Charlie Olson — Quiet Precision
Part potter, part glaze chemist, Charlie Olson creates exquisite porcelain functional and semi-functional sculptural vessels. Often understated in their form, Olson’s works feature smooth organic shapes with impeccably applied glazes which Olson has developed and refined over his 35+ years of experience and experimentation.

Spruced Up – Group Show
This show delves into the nuances of style and intentional visual enhancement. This theme explores various aspects of augmenting appearances, whether through adornments, such as jewelry, costuming and fashion, or drawing inspiration from elements of nature such as birds’ plumage or flowers’ petals— the exhibition is a celebration of intentional style in its myriad forms. Artists in this exhibit include: Alison Bailey, Randall Berndt, Jessica Calderwood, Gerit Grimm, Susanne Henry, Kelli Hoppmann, Lydia Martin, S.V. Medaris, Susan Richter-O’Connell, Jean Roberts-Guequierre, Erica Schlueter, Skyler Simpson, Diane Washa, Jonathan Wilde, and Ariana Vaeth.
In no. 5: Casey Fletcher — Extramission
The now defunct theory of extramission once supposed that sight was made possible
by the emission of beams of elemental fire onto an object. An inversion of the
contemporary understanding of vision–referred to as intromission–the theory held that
a being’s gaze, inanimate or living, impacted the physical world.

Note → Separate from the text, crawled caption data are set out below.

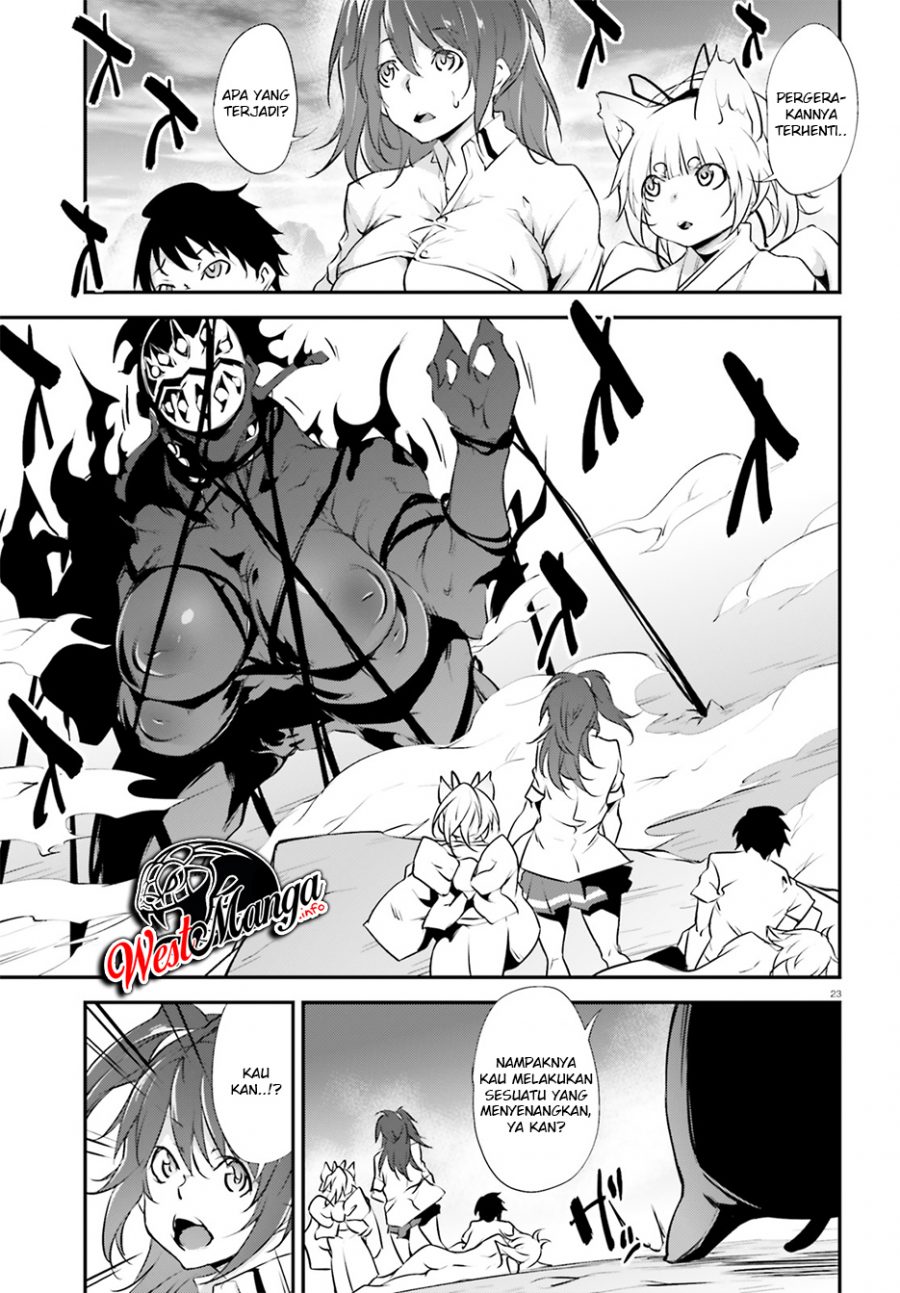 Kuro Homura no Sen Otome Chapter 13 Gambar 27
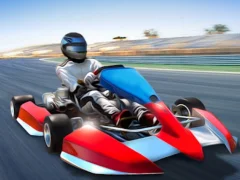 Xogo Learn Drive Karts Sim en liña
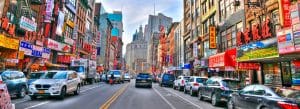 Restaurantes en Chinatown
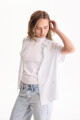 Camisa Hampton Celeste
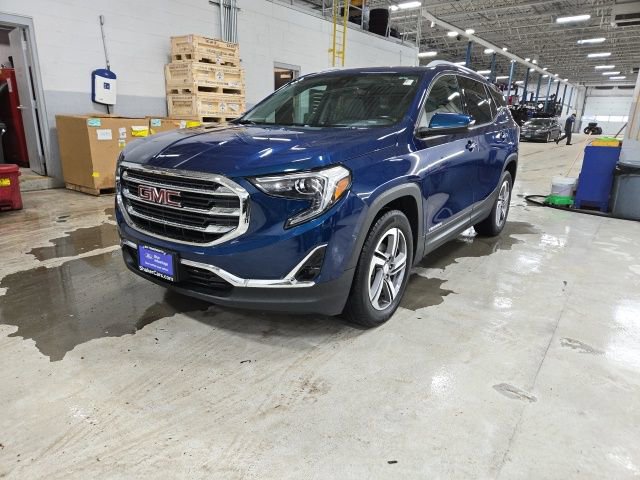 Used 2021 GMC Terrain SLT w/ Infotainment Package II image 7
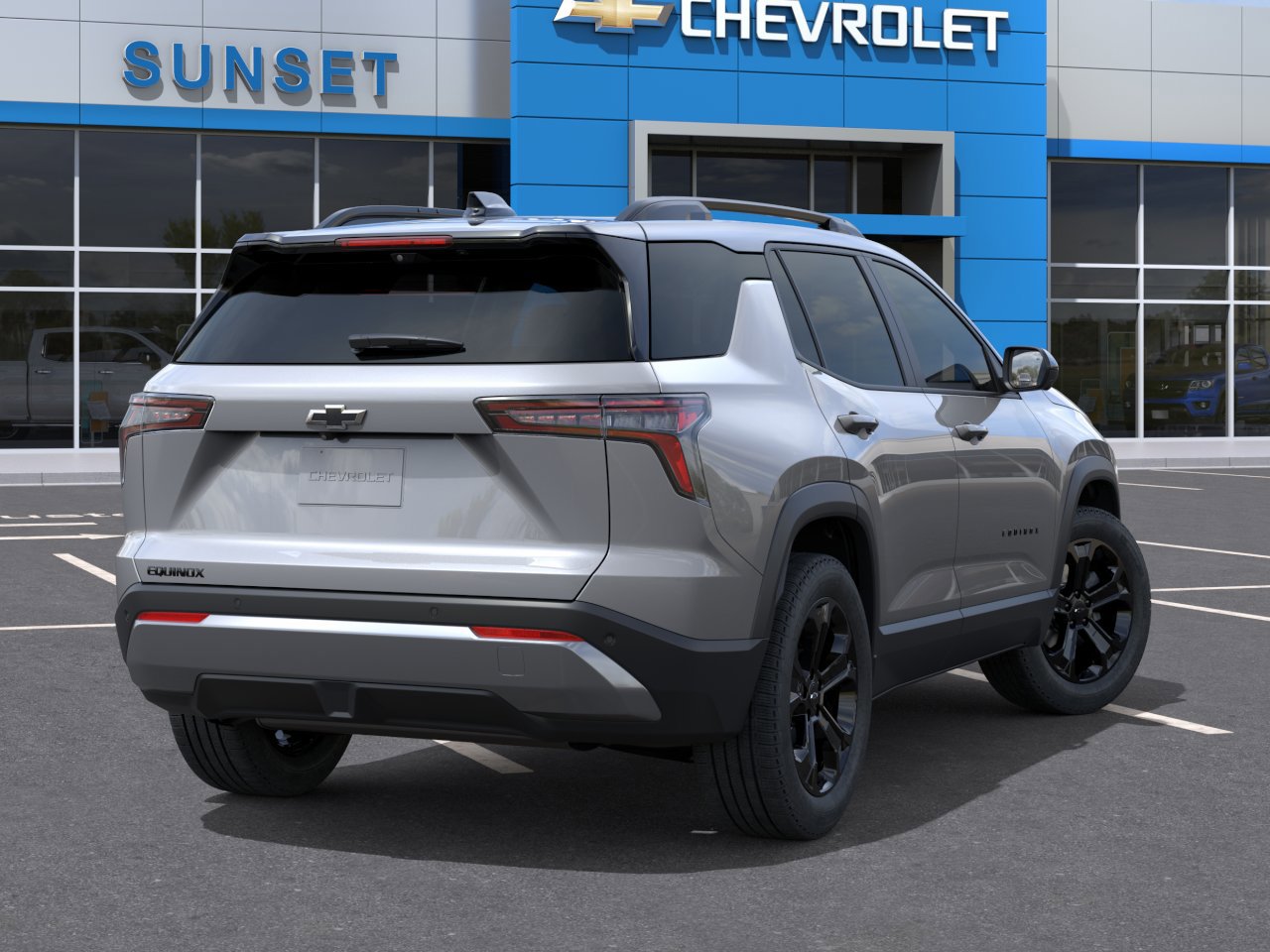 New 2026 Chevrolet Equinox LT image 4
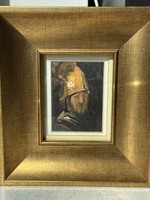 Rembrandt aquarell másolat
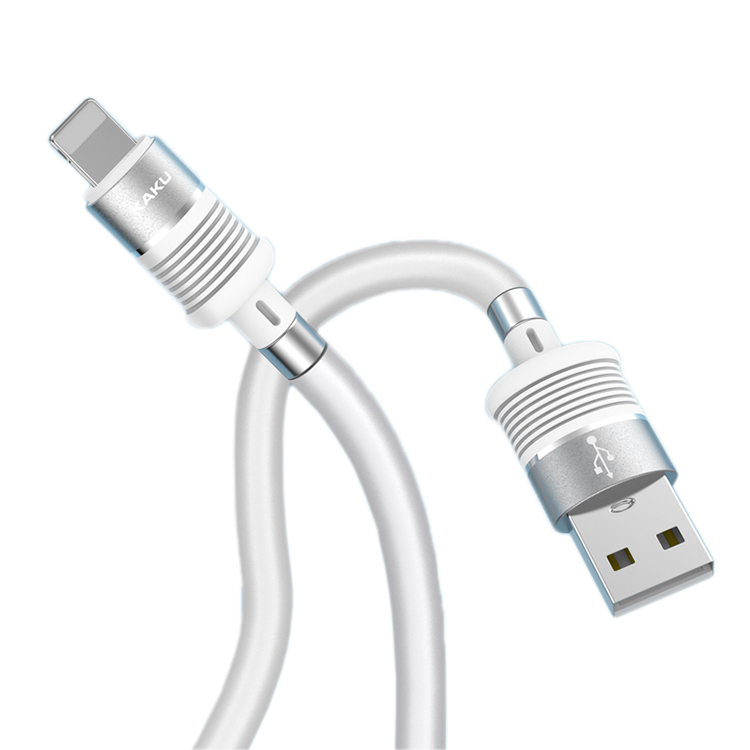 清倉優惠【KAKU】凱威系列-磁吸收納傳輸線(IOS/Micro/Type-C)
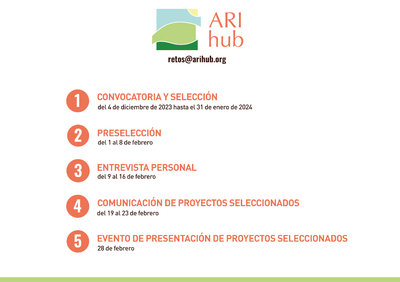 Bases legales II Programa Retos Innovaci�n ARI Hub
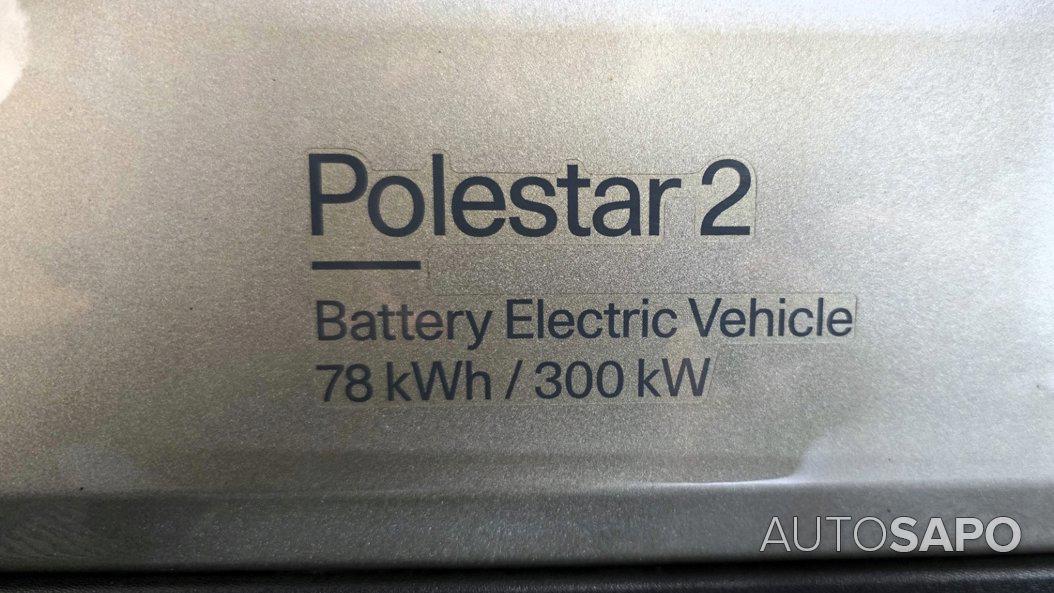 Polestar 2 de 2020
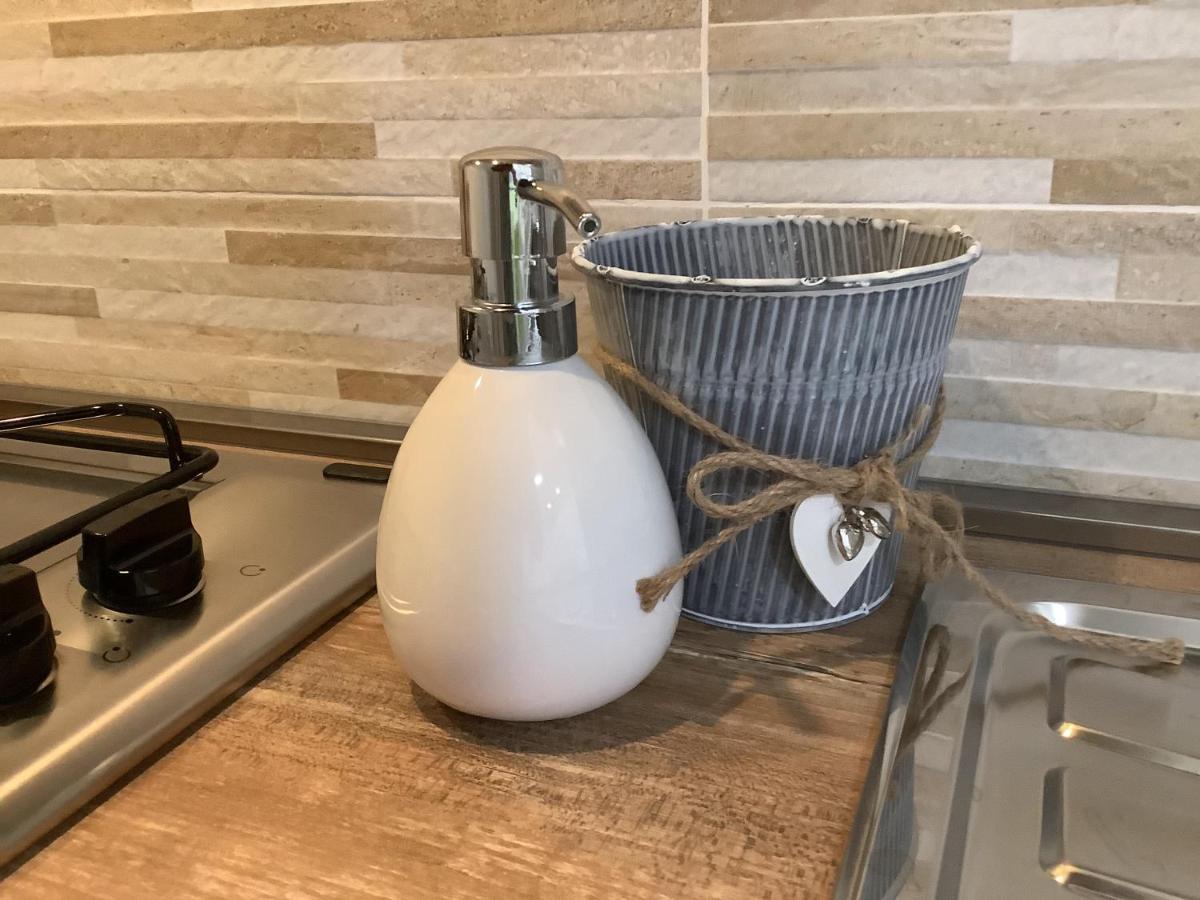 Apartament Da Cristina Con Amore Taormina Zewnętrze zdjęcie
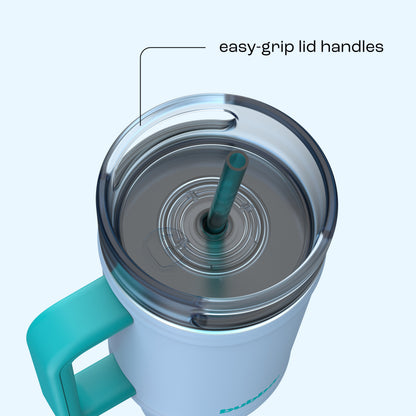40 oz Insulated Tumbler - Daydreamin - US 6776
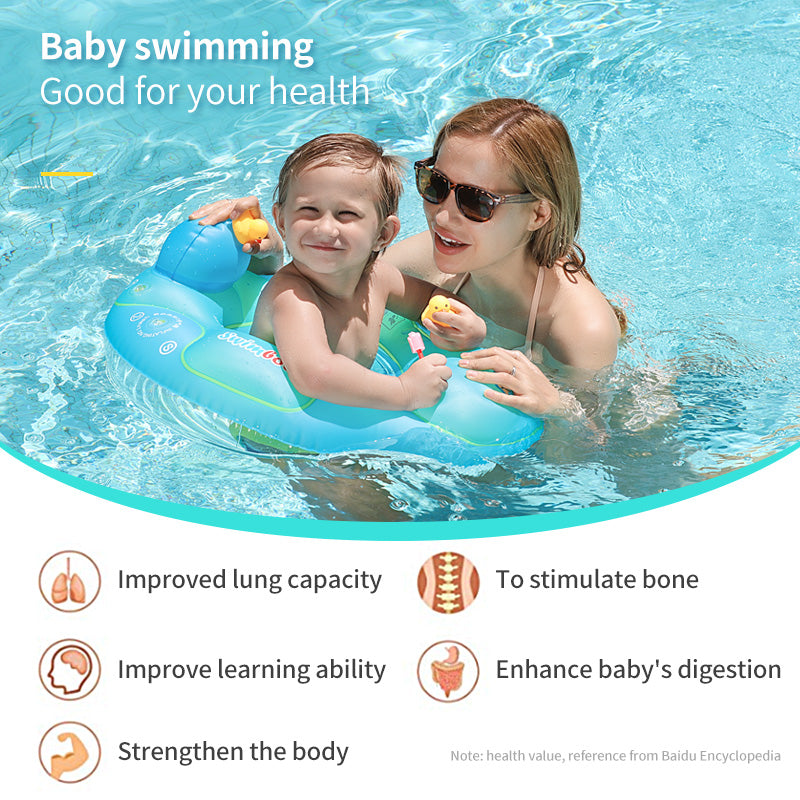 Swimbobo Inflatable Baby Swimming Floats (3 months - 6 Years)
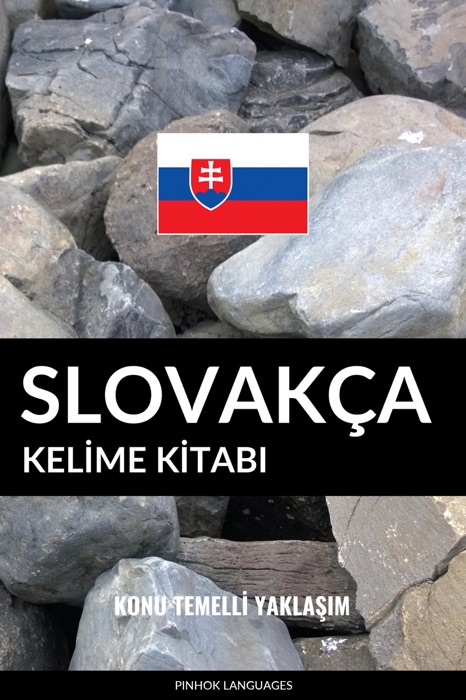 Slovakça Kelime Kitabı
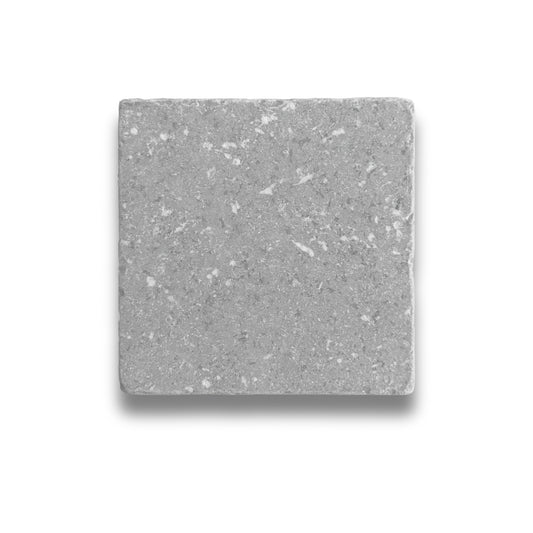 Stone Tile Cinder Grey A 98x98mm
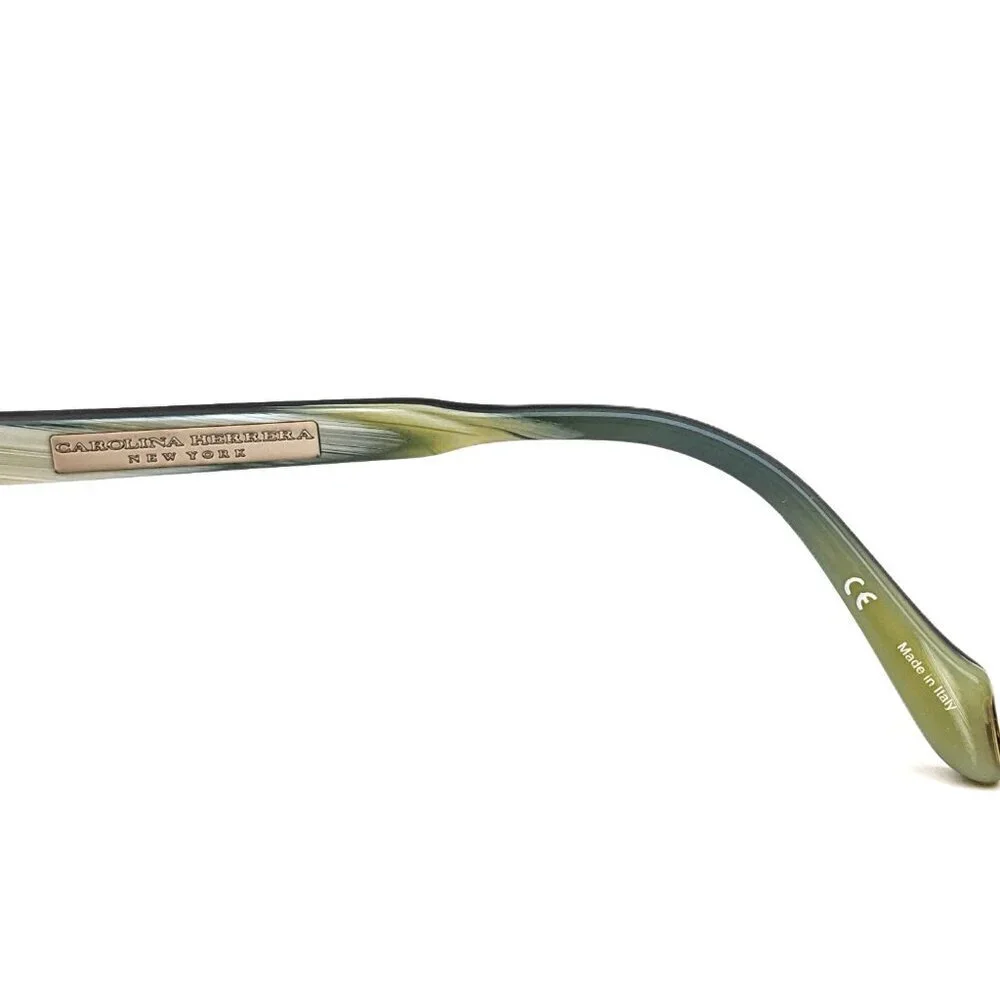 🕶️Made in Italy! Carolina Herrera SHN504 02AI Sunglasses 57/15 140 | ALB17🕶️
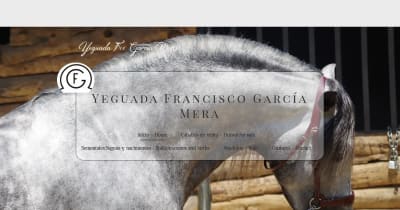 Yeguada Francisco García - hipica in Barcelona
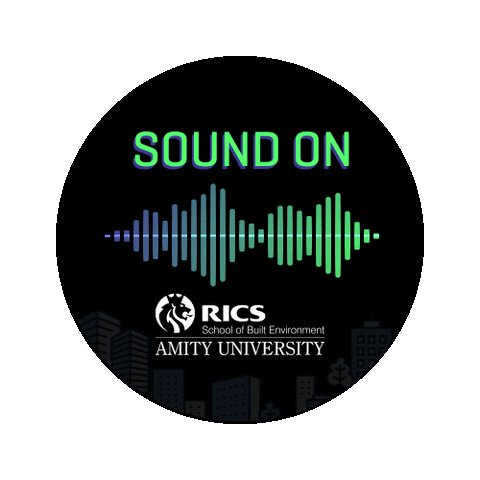RICSSBE giphyupload sound volume sound on Sticker
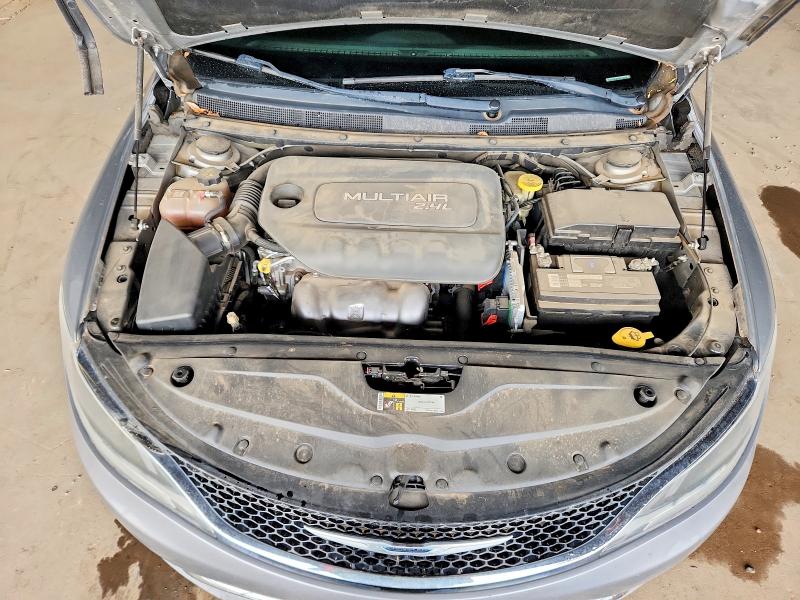 70092146 :رقم المزاد ، 1C3CCCAB8GN178472 vin ، 2016 Chrysler 200 مزاد بيع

Though this theory
was replaced during the early days of the Enlightenment, extramission’s legacy is clear
in our present image-driven cultural moment. The works in this exhibition are reflections on how witnessing the bodies of the neglected, the oppressed, and the punished influences attitudes and catalyzes restorative action. Further, the bodies themselves bear witness and serve as illuminations into the darkness of humanity’s collective conscience. While the light they shine contains an implicating force both to those complicit during these events and to each of us in our present context, that same light also demonstrates the unique power afforded to those in the throes of extreme adversity. The bodies depicted in this exhibition serve as testimonies to the belief found in the Abrahamic faiths: there is a proximity to truth afforded to those with profound experience of suffering, loss, and poverty of spirit. This body of work is meant to reflect on America’s history of racially motivated mob violence experienced largely - but not exclusively - by Black Americans and how these moments of violence brought to light the true state of race relations to the uninitiated, and thereby catalyzed societal change in the years leading to the civil-rights movement.